### Action item
Copy the listing exactly, please, and keep every picture out of it.

### Source material
----------------------------------------

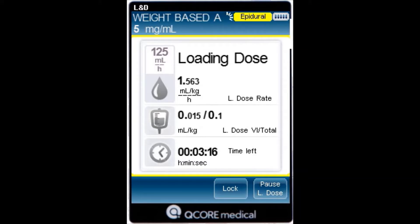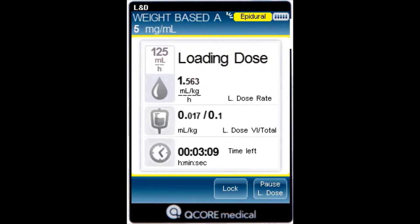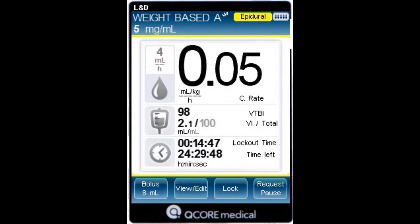Throughout a PCEA infusion, the current infusion phase — loading dose, running, bolus delivery, or clinician bolus — is displayed on the indicator bar. In addition, the following information appears on the screen.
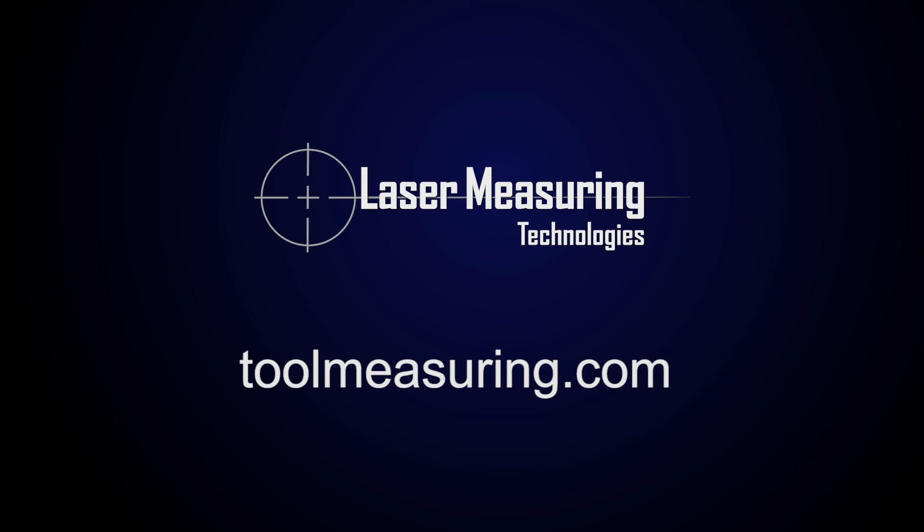Thank you for watching LMT's video on how to measure the helix angle of a drill.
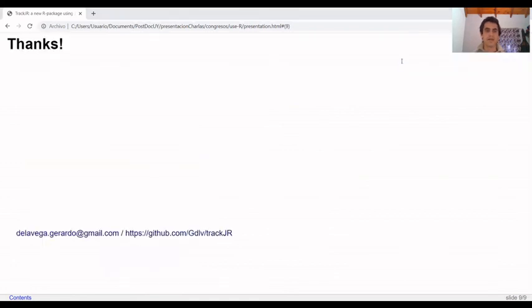Well, that's all folks. Many thanks. Please, here's my email and the GitHub repo where you can find a tutorial and more examples.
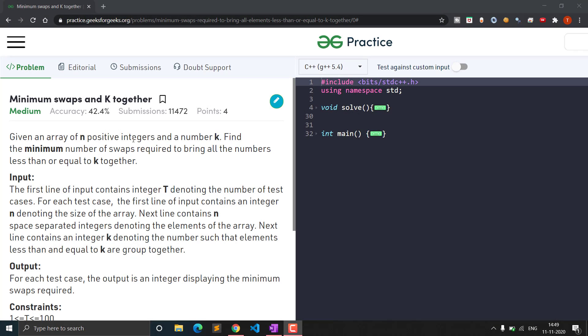Hello everyone. Welcome to Clash Encoder. In this video we will see the question that is 'Minimum Swaps to K Together'. This question is a medium level question and has been asked in various interviews for Amazon, Google and Facebook. Let's see the problem statement.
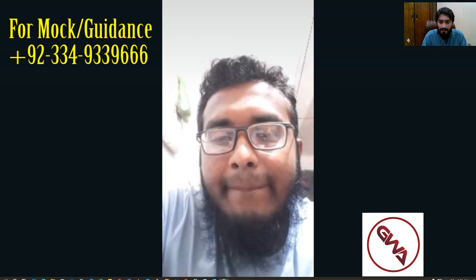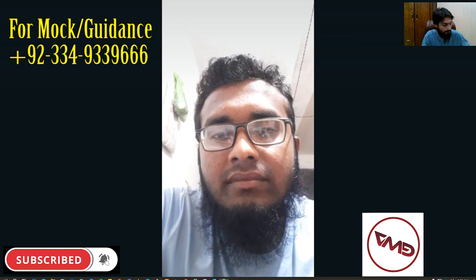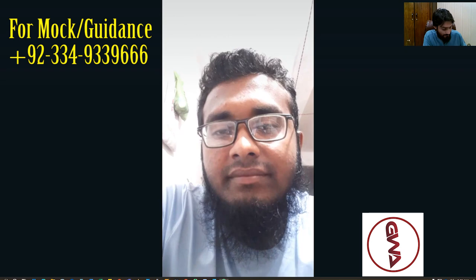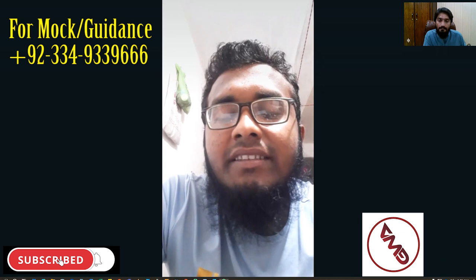My name is Arif and I will be your examiner today. What is your name? My name is Shuhag. You can call me Shuhag. How are you, Shuhag? I'm fine, thank you. Where are you from? I'm from Sylhet in Bangladesh.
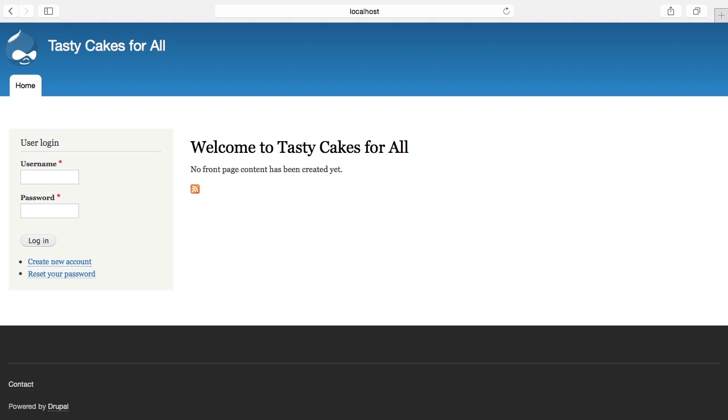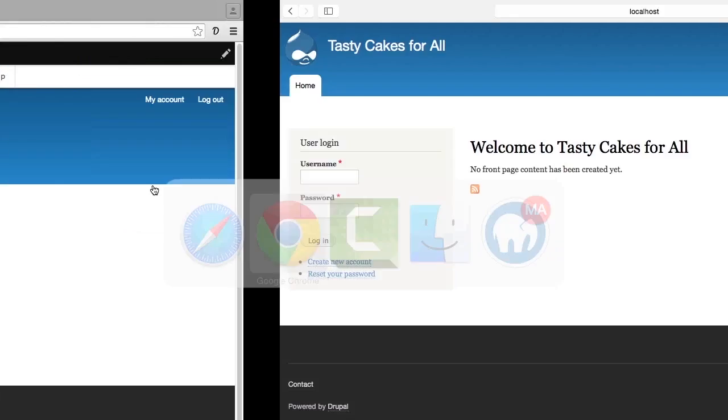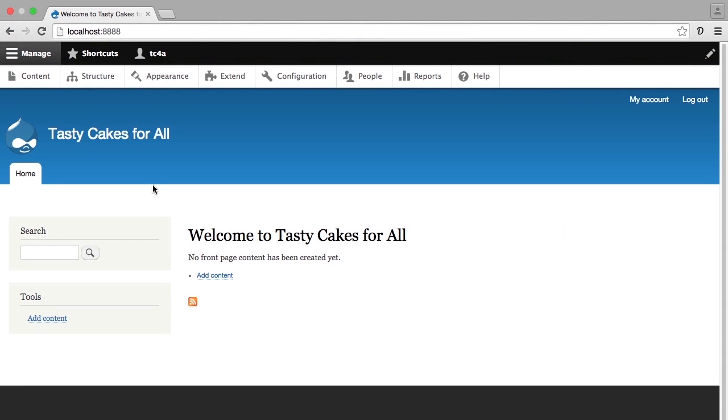Also, on the left-hand side here, you see User Login. If I go back to Chrome, you'll see the bars at the top, you'll see the search box, you'll see the tools for adding content on the left.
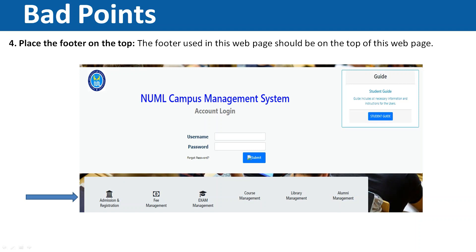The fourth bad point is the footer placed on the top. If we look at the NUML campus management page — where you have a login with username and password — you can see that the admission and registration fee management footer is placed on the top, which should not be the case.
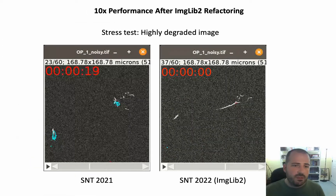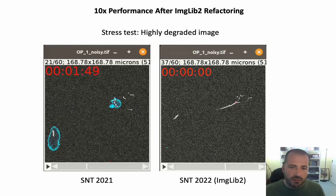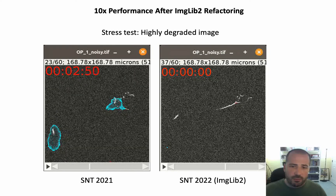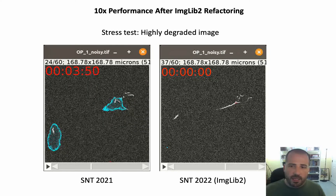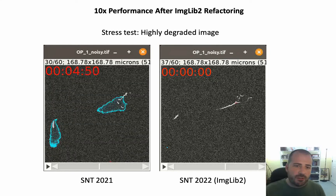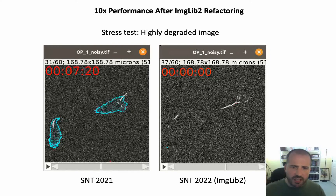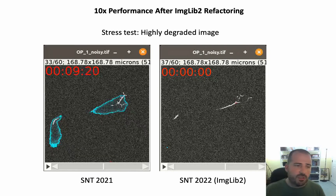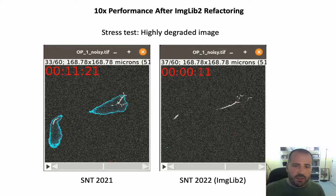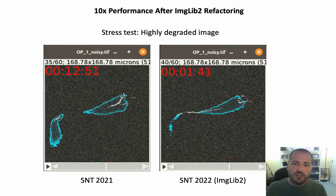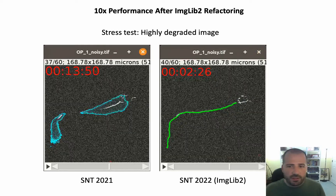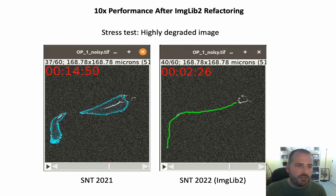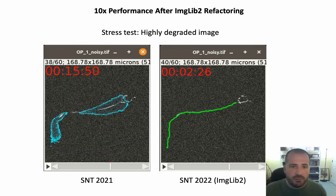As an example, I am showing you here a highly degraded image. On the left, you are looking at the published version of SNT, and you can see that the bi-directional A* search is having a hard time converging into a result — the whole process will take more than 20 minutes. On the right side, however, you have the same algorithm now running under ImageJ2 data structures, and the entire task completes in just two minutes, which is a significant performance boost.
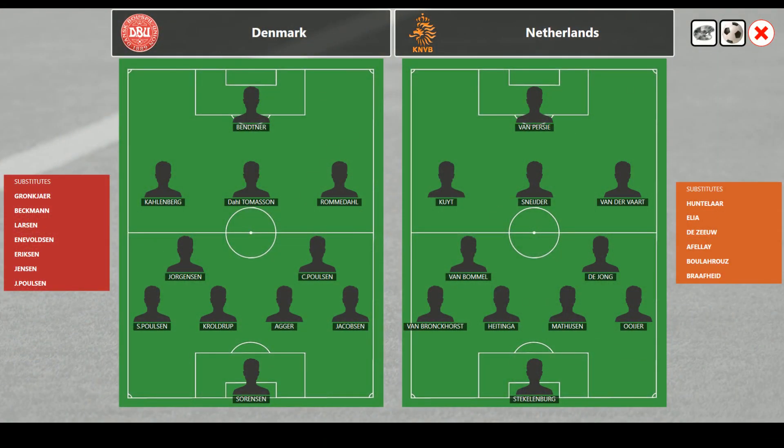Let's introduce the lineups. Sorensen is in net for the Danes. Poulsen, Curled Up, Agar, and Jakobsen are the defenders. Denmark will play a 4-2-3-1. The defensive midfielders are Jorgensen and Christian Poulsen. The forward attacking midfielders are Kallenberg, Thomassen, and Romadal, with Bentender as the center forward. For the Dutch, they also play a 4-2-3-1. Steck-Ellenberg is the goalie. Van Brockhorst, Heddinger, Matheson, and Usher are the defenders. Van Bommel and Nigel De Jong are the defensive midfielders.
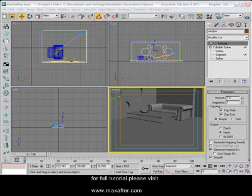Bismillah ar-Rahman ar-Rahim. Assalamualaikum. My name is Shoaib Khan and welcome to MaxAfter.com. Today's tutorial is about Mental Ray in 3DS Studio Max.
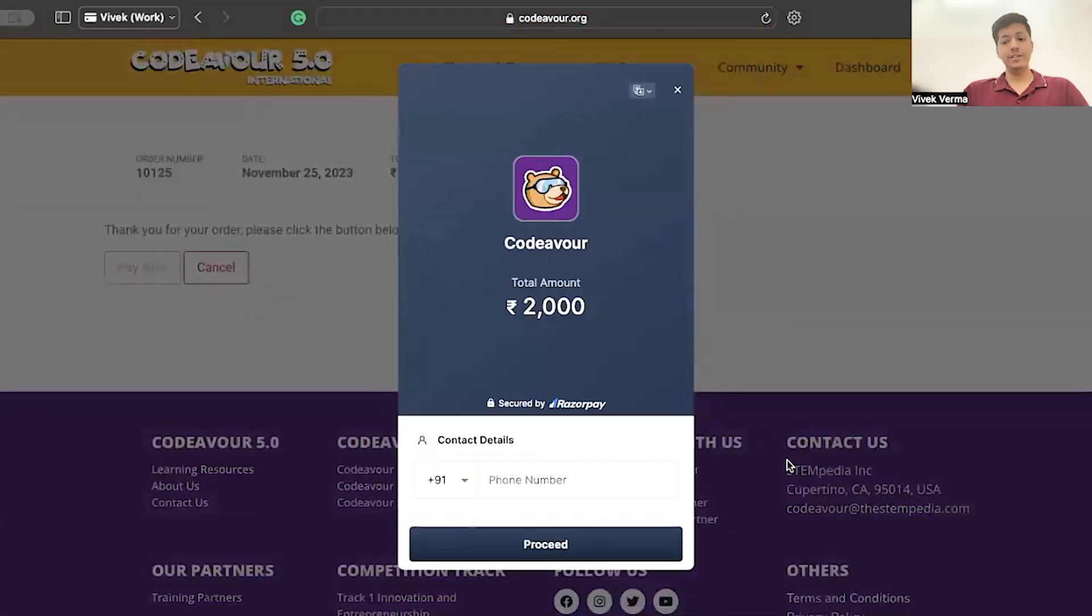Then enter your contact details and complete your payment. Once you are done making the payment, you have successfully registered yourself for Codevo 5.0. Congratulations, now you are officially a part of Codevo. Get ready for the competition by diving into free resources and online bootcamps. Subscribe to our YouTube channel for more updates. Thanks for joining the Innovation Fest. Bye-bye.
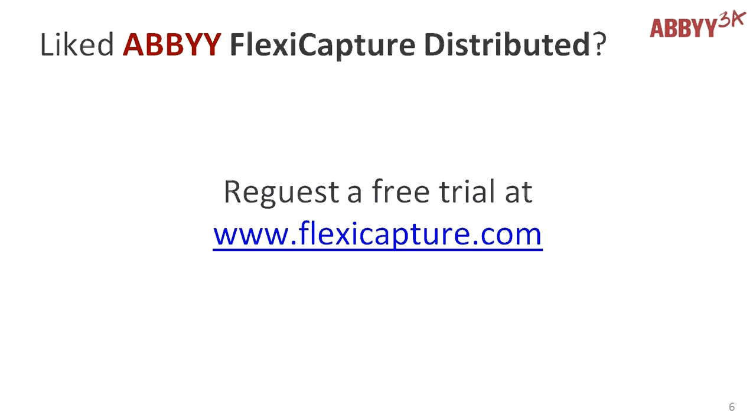If you liked ABBYY FlexiCapture distributed, feel free to request a free trial at www.flexicapture.com. Thank you very much for your attention.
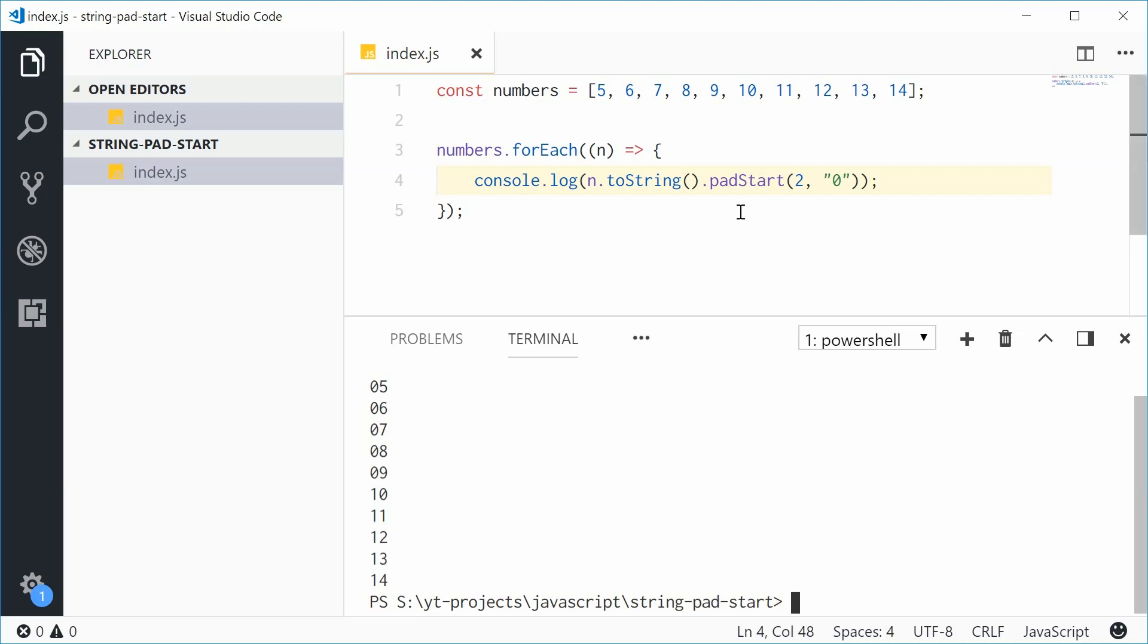And that's how you can use the padStart and padEnd methods in JavaScript. Thank you for watching and I'll see you later.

----------------------------------------

### Output below
Throughout a PCEA infusion, the current infusion phase — loading dose, running, bolus delivery, or clinician bolus — is displayed on the indicator bar. In addition, the following information appears on the screen.
Thank you for watching LMT's video on how to measure the helix angle of a drill.
Well, that's all folks. Many thanks. Please, here's my email and the GitHub repo where you can find a tutorial and more examples.
Hello everyone. Welcome to Clash Encoder. In this video we will see the question that is 'Minimum Swaps to K Together'. This question is a medium level question and has been asked in various interviews for Amazon, Google and Facebook. Let's see the problem statement.
My name is Arif and I will be your examiner today. What is your name? My name is Shuhag. You can call me Shuhag. How are you, Shuhag? I'm fine, thank you. Where are you from? I'm from Sylhet in Bangladesh.
Also, on the left-hand side here, you see User Login. If I go back to Chrome, you'll see the bars at the top, you'll see the search box, you'll see the tools for adding content on the left.
The fourth bad point is the footer placed on the top. If we look at the NUML campus management page — where you have a login with username and password — you can see that the admission and registration fee management footer is placed on the top, which should not be the case.
As an example, I am showing you here a highly degraded image. On the left, you are looking at the published version of SNT, and you can see that the bi-directional A* search is having a hard time converging into a result — the whole process will take more than 20 minutes. On the right side, however, you have the same algorithm now running under ImageJ2 data structures, and the entire task completes in just two minutes, which is a significant performance boost.
Let's introduce the lineups. Sorensen is in net for the Danes. Poulsen, Curled Up, Agar, and Jakobsen are the defenders. Denmark will play a 4-2-3-1. The defensive midfielders are Jorgensen and Christian Poulsen. The forward attacking midfielders are Kallenberg, Thomassen, and Romadal, with Bentender as the center forward. For the Dutch, they also play a 4-2-3-1. Steck-Ellenberg is the goalie. Van Brockhorst, Heddinger, Matheson, and Usher are the defenders. Van Bommel and Nigel De Jong are the defensive midfielders.
Bismillah ar-Rahman ar-Rahim. Assalamualaikum. My name is Shoaib Khan and welcome to MaxAfter.com. Today's tutorial is about Mental Ray in 3DS Studio Max.
Then enter your contact details and complete your payment. Once you are done making the payment, you have successfully registered yourself for Codevo 5.0. Congratulations, now you are officially a part of Codevo. Get ready for the competition by diving into free resources and online bootcamps. Subscribe to our YouTube channel for more updates. Thanks for joining the Innovation Fest. Bye-bye.
If you liked ABBYY FlexiCapture distributed, feel free to request a free trial at www.flexicapture.com. Thank you very much for your attention.
And that's how you can use the padStart and padEnd methods in JavaScript. Thank you for watching and I'll see you later.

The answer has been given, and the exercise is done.